Find "Picture 03 - Lê-vi" below and begin at its line; stop after the line with "Galapagos Adaları". Output those lines exactly, without pictures.

MATERIAL FOR THIS TASK:
--------------------------------------------------

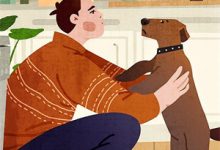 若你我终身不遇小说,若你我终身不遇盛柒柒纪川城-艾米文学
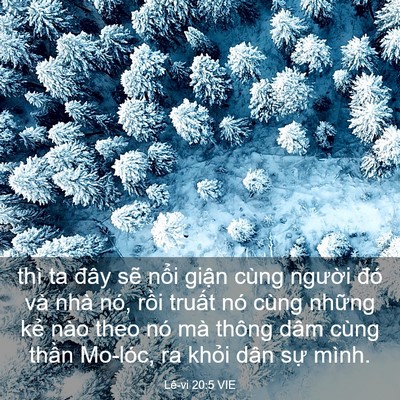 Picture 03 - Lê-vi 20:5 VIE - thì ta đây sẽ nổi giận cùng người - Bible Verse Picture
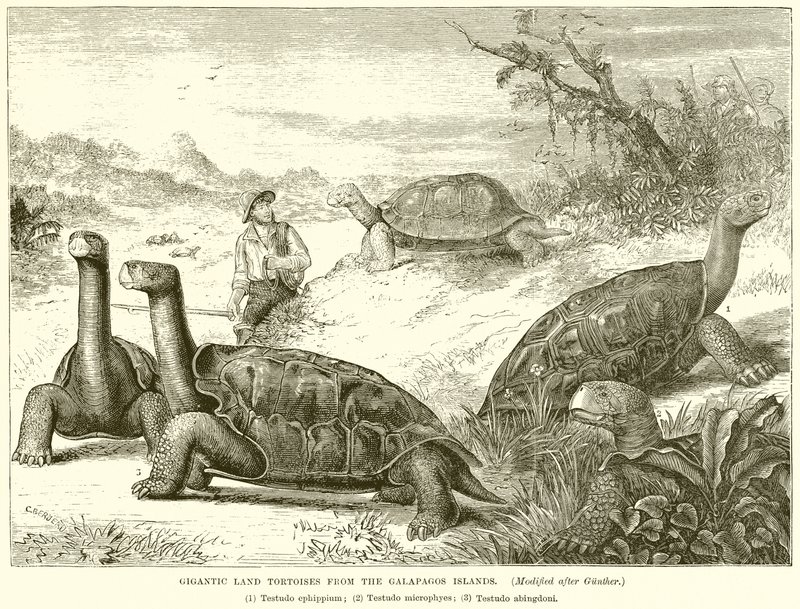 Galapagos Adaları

--------------------------------------------------

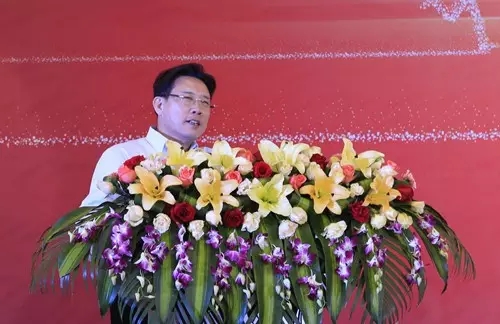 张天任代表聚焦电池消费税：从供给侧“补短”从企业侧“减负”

--------------------------------------------------

TASK OUTPUT:
 Picture 03 - Lê-vi 20:5 VIE - thì ta đây sẽ nổi giận cùng người - Bible Verse Picture
 Galapagos Adaları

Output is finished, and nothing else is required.